Caso Granada, la Procura spagnola chiede 12 anni di carcere per Gino Pozzo

Il figlio del patron dell’Udinese e del Watford, nonché ex proprietario del club spagnolo, al centro di una indagine dell’Anticorruzione iberica.

Manchester City v Watford - FA Cup Final
Gino Pozzo (Photo by Richard Heathcote/Getty Images)

La procura spagnola ha chiesto 12 anni di carcere per Gino Pozzo (figlio del patron dell’Udinese e del Watford Giampaolo e attuale membro del CdA del club friulano) e per Quique Pina, ex presidente del club andaluso Granada CF, per aver lucrato “attraverso il movimento illecito di denaro legato ai trasferimenti di giocatori”, in una accusa nata dall’Anticorruzione spagnola. Come riportato dal quotidiano iberico El Pais, sono state rinviati a giudizio quattro imputati e nel suo atto d’accusa, il Ministero Pubblico chiede una condanna a dodici anni di carcere per i quattro imputati per tre reati aggravati contro l’Erario relativi all’Imposta sulle Società (IS) degli esercizi 2013, 2014 e 2015. Inoltre, propone multe di 36,5 milioni di euro per Pozzo (ex proprietario del club, che considera l’autore amteriale) e di 27,5 milioni per gli altri tre imputati, rispettivamente, come complici necessari.

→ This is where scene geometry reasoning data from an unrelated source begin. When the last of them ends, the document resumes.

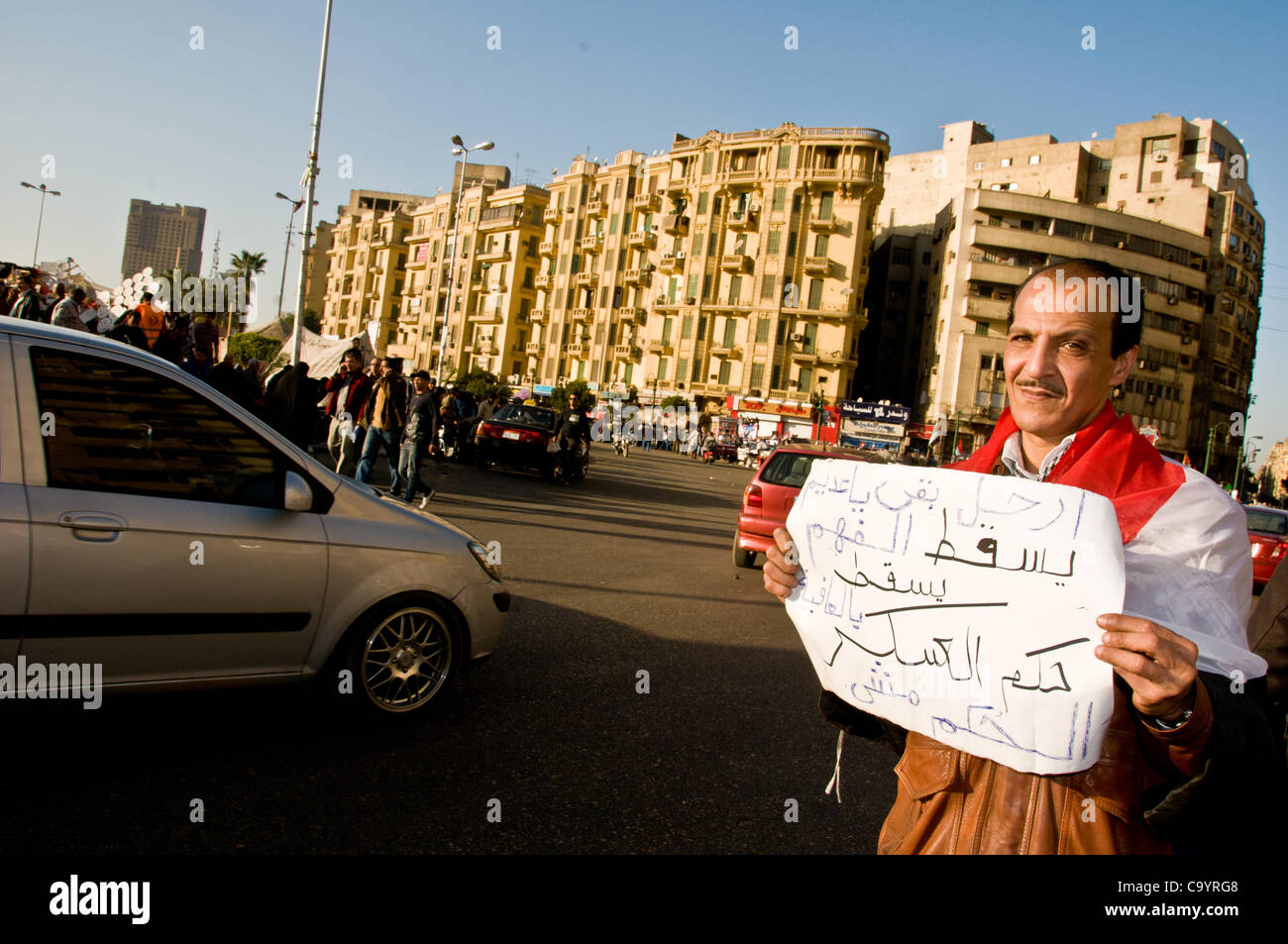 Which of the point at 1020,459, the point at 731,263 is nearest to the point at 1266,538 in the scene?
the point at 1020,459

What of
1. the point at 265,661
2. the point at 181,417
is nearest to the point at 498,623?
the point at 265,661

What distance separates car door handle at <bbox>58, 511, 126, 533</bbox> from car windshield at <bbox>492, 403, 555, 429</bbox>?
16.1 m

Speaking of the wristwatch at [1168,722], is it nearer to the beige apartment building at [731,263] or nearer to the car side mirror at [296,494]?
the car side mirror at [296,494]

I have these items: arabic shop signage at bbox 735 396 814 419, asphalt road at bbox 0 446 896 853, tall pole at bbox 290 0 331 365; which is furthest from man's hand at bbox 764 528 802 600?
arabic shop signage at bbox 735 396 814 419

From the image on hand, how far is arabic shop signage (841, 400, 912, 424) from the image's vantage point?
211 ft

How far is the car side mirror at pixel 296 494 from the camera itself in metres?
3.82

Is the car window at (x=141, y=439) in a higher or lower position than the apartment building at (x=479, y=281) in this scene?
lower

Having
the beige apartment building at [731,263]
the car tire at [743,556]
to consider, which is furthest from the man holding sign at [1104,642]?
the beige apartment building at [731,263]

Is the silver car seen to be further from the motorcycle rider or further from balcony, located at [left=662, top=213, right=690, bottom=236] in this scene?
balcony, located at [left=662, top=213, right=690, bottom=236]

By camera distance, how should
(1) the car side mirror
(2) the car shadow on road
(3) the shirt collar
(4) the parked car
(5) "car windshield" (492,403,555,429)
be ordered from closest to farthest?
1. (3) the shirt collar
2. (2) the car shadow on road
3. (1) the car side mirror
4. (4) the parked car
5. (5) "car windshield" (492,403,555,429)

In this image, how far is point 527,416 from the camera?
20078 millimetres

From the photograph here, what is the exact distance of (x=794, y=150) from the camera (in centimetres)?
6644

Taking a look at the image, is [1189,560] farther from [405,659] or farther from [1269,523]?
[1269,523] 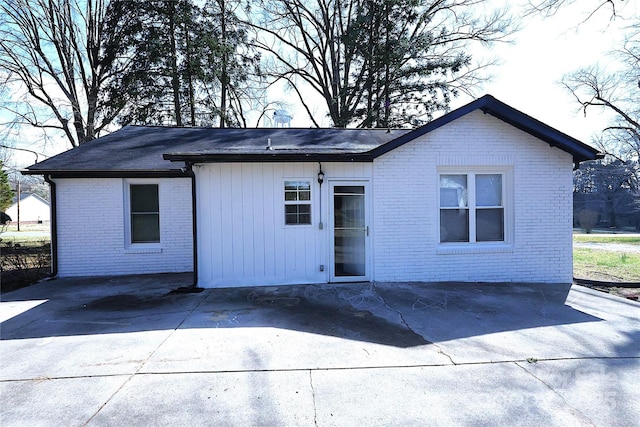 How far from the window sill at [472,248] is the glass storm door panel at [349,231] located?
170 centimetres

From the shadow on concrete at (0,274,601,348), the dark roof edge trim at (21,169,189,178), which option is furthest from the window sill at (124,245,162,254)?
the dark roof edge trim at (21,169,189,178)

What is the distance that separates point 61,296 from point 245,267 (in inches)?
139

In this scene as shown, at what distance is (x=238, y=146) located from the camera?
8.55m

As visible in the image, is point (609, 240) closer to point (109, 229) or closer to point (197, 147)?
point (197, 147)

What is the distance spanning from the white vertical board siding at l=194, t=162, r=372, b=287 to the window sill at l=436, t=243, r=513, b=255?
233cm

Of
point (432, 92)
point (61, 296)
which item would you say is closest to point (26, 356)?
point (61, 296)

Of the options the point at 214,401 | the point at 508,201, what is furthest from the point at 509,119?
the point at 214,401

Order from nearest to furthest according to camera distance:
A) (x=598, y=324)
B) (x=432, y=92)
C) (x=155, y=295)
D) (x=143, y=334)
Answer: (x=143, y=334) < (x=598, y=324) < (x=155, y=295) < (x=432, y=92)

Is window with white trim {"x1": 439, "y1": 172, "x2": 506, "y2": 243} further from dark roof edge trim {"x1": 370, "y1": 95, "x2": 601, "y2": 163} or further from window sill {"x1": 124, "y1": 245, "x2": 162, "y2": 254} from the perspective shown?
window sill {"x1": 124, "y1": 245, "x2": 162, "y2": 254}

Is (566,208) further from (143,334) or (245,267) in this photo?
(143,334)

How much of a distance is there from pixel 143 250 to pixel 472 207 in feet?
26.3

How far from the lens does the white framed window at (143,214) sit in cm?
862

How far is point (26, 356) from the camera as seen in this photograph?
3850mm

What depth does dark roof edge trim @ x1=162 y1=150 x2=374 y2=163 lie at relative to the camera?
20.9ft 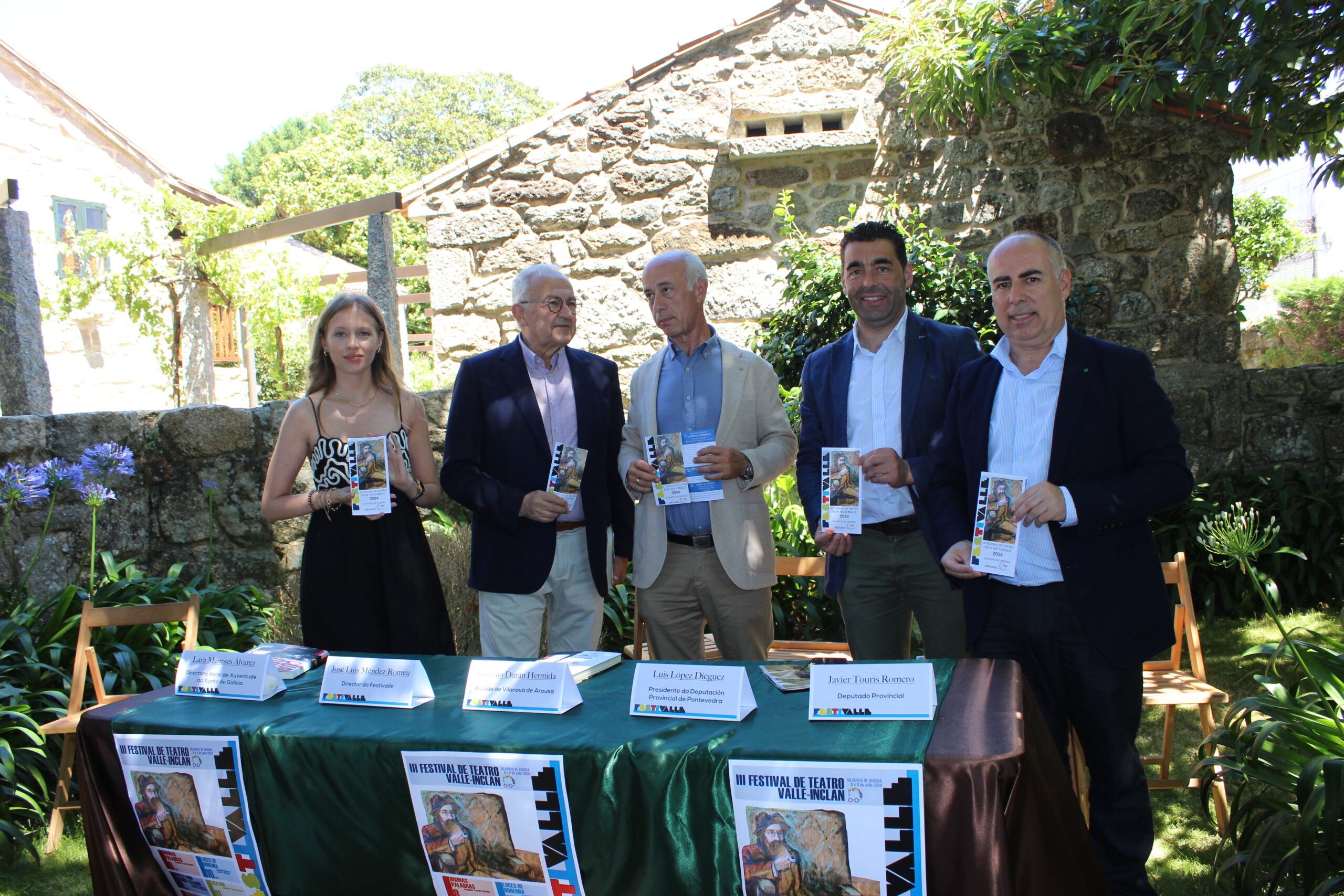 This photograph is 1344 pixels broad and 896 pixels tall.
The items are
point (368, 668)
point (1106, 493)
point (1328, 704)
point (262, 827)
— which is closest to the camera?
point (262, 827)

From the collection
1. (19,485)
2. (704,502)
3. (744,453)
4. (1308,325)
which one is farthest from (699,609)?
(1308,325)

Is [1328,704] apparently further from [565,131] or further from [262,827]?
[565,131]

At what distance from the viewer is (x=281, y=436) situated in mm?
3176

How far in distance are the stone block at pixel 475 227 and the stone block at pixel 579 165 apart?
1.63ft

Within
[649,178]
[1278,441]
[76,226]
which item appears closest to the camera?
[1278,441]

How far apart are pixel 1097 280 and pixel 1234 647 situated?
8.62ft

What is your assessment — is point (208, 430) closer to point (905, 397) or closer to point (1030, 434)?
point (905, 397)

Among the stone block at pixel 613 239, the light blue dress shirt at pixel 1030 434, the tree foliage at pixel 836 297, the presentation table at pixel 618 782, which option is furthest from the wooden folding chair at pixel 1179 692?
the stone block at pixel 613 239

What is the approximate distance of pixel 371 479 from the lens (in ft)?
9.33

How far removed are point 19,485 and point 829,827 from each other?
399 centimetres

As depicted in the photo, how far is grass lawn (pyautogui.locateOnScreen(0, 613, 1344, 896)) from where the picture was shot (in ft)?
9.90

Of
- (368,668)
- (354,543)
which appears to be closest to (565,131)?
(354,543)

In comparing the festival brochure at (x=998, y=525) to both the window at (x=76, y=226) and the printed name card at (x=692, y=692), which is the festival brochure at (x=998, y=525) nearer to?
the printed name card at (x=692, y=692)

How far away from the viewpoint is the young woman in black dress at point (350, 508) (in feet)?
10.0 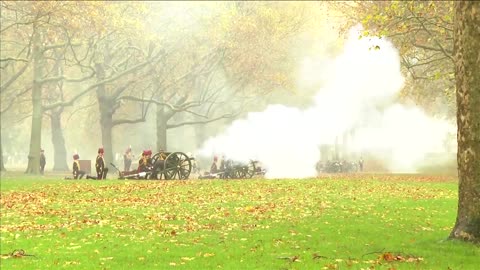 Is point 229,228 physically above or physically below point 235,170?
below

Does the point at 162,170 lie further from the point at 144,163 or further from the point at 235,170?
the point at 235,170

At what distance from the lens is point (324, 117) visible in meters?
45.0

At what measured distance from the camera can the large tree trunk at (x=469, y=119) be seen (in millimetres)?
10070

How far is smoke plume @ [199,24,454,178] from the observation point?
127 feet

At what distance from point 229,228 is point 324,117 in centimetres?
3298

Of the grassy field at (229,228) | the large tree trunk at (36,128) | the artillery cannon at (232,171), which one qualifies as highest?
the large tree trunk at (36,128)

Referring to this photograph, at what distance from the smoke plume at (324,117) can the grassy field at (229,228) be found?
16151 millimetres

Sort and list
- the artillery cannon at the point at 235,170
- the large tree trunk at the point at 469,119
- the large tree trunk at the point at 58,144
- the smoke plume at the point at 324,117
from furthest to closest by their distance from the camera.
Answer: the large tree trunk at the point at 58,144
the smoke plume at the point at 324,117
the artillery cannon at the point at 235,170
the large tree trunk at the point at 469,119

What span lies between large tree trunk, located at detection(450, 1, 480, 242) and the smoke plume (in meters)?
22.6

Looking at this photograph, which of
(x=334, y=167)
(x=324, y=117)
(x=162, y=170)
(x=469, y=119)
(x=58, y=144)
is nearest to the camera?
(x=469, y=119)

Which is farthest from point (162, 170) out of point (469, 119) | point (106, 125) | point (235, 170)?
point (469, 119)

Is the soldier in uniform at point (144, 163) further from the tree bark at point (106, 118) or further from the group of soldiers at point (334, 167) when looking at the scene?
the group of soldiers at point (334, 167)

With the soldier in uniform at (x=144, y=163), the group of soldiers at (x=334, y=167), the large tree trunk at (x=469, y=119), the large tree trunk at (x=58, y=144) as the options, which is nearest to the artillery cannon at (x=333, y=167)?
the group of soldiers at (x=334, y=167)

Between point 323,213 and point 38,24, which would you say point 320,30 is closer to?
point 38,24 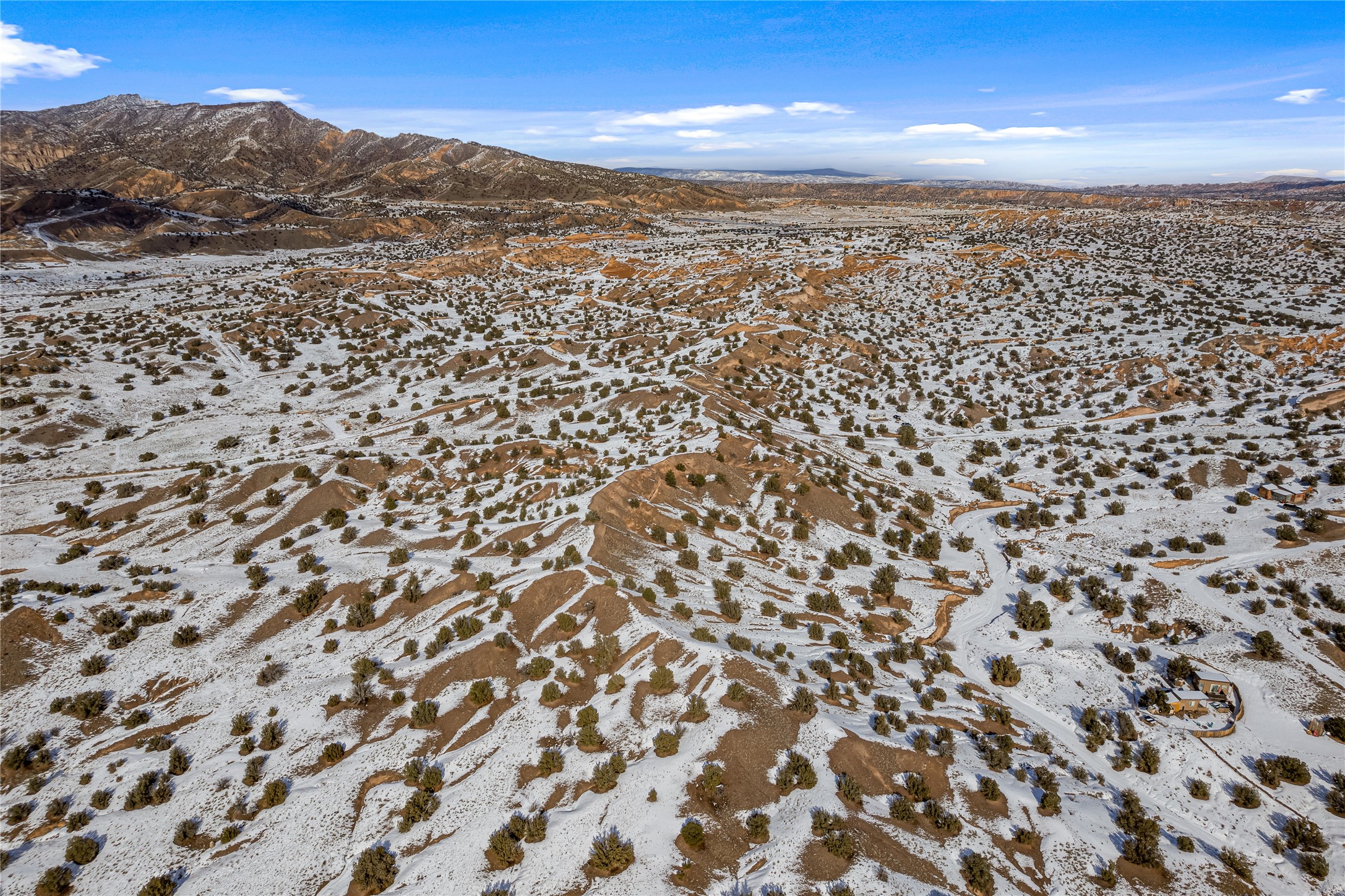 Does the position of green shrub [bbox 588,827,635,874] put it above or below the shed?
above

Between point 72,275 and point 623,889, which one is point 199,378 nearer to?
point 623,889

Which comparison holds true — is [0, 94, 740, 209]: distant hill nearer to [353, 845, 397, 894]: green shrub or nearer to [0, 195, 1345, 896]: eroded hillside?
[0, 195, 1345, 896]: eroded hillside

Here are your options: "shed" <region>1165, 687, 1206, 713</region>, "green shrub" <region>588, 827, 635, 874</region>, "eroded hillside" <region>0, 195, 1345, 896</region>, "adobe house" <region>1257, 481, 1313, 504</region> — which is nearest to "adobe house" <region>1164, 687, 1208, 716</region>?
"shed" <region>1165, 687, 1206, 713</region>

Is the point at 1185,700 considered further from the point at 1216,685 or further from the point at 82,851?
the point at 82,851

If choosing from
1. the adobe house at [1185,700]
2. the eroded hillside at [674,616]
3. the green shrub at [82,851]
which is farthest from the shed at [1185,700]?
the green shrub at [82,851]

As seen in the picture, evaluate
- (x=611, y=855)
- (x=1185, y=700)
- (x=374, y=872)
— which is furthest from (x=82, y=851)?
(x=1185, y=700)

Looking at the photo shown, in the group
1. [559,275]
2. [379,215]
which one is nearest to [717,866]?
[559,275] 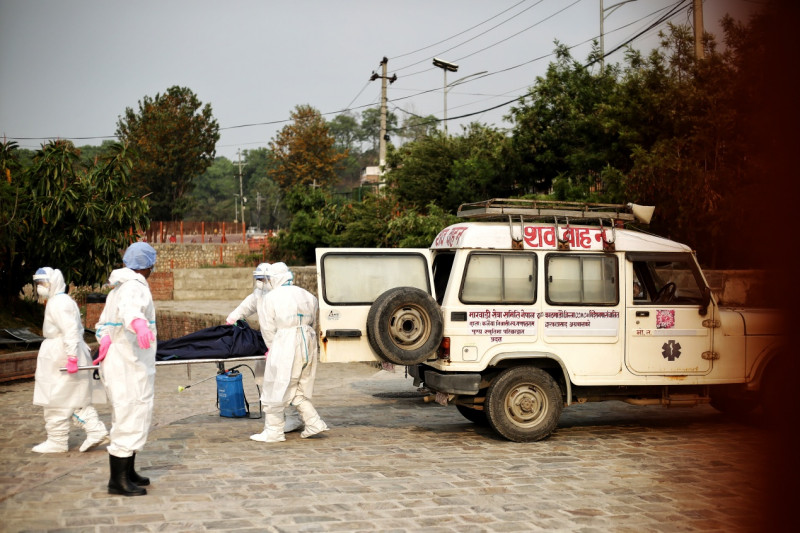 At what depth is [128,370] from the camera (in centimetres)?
701

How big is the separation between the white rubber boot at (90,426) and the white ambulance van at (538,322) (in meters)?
2.52

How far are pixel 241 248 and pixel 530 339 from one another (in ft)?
106

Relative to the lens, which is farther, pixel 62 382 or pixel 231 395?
pixel 231 395

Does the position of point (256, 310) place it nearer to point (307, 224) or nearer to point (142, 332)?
point (142, 332)

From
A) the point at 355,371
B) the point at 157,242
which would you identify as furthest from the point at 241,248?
the point at 355,371

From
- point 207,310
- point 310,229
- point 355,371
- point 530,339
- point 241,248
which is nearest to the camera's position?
point 530,339

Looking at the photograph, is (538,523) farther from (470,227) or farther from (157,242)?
(157,242)

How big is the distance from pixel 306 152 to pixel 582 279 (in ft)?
151

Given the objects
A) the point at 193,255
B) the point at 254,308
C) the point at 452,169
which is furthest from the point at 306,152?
the point at 254,308

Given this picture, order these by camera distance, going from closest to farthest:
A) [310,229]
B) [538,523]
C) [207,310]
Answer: [538,523] → [207,310] → [310,229]

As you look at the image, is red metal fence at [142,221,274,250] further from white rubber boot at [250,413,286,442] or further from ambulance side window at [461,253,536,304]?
ambulance side window at [461,253,536,304]

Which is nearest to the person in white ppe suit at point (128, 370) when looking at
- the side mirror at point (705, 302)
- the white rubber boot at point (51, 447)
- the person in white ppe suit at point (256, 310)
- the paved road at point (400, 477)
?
the paved road at point (400, 477)

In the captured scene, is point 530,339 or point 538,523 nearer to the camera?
point 538,523

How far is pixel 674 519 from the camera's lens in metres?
6.16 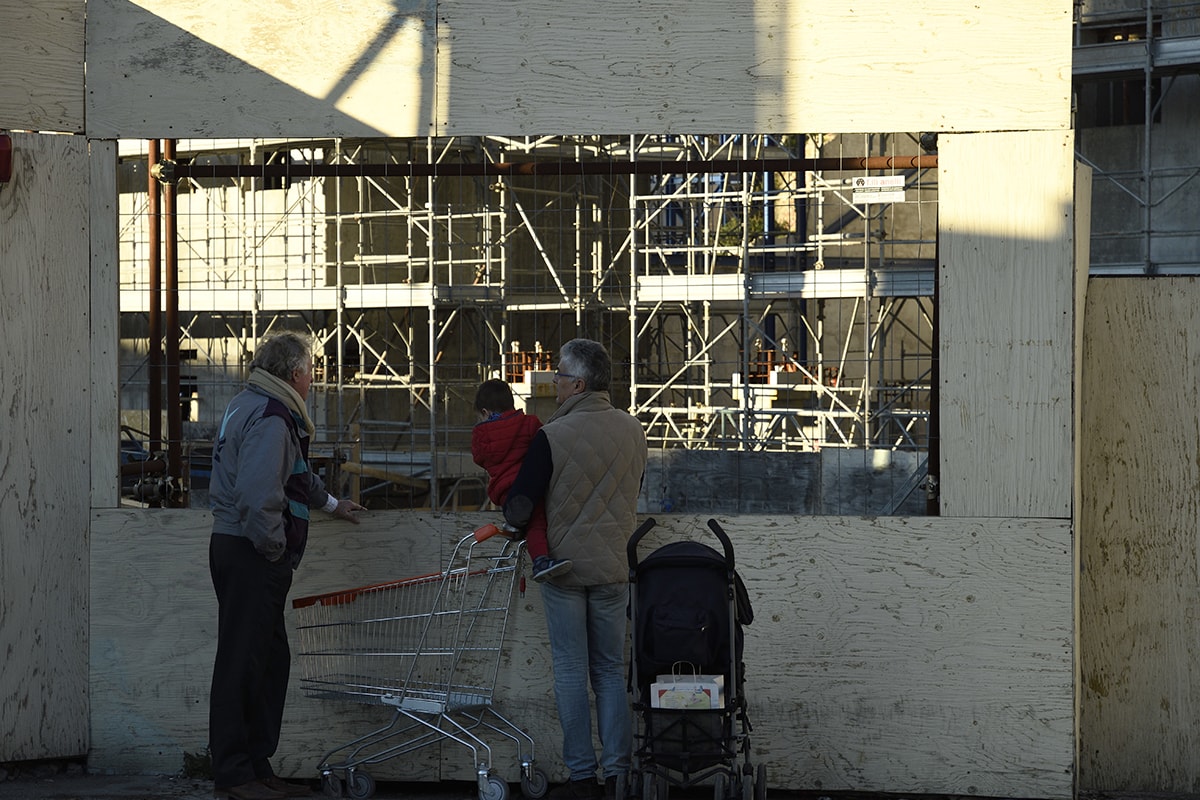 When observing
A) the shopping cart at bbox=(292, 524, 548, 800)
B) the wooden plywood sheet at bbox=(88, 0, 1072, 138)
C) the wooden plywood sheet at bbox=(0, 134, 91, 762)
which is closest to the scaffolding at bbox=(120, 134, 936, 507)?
the wooden plywood sheet at bbox=(88, 0, 1072, 138)

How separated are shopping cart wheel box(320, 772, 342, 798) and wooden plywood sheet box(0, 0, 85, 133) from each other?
3352mm

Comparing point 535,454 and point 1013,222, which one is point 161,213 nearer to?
point 535,454

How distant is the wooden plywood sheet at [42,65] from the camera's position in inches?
264

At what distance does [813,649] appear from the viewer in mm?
6477

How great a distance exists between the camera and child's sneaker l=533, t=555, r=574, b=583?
5.84 metres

La Procura sostiene che tutti loro “hanno messo in atto un piano criminale a lungo termine che, a partire dal prendere il controllo del Granada nel 2009 e mediante l’esecuzione di una strategia complessa, avrebbe permesso al club di trasferire artificialmente i guadagni ottenuti attraverso il trasferimento dei calciatori professionisti al Lussemburgo e di non pagarli in Spagna, ottenendo così un notevole profitto economico a discapito dell’Erario”.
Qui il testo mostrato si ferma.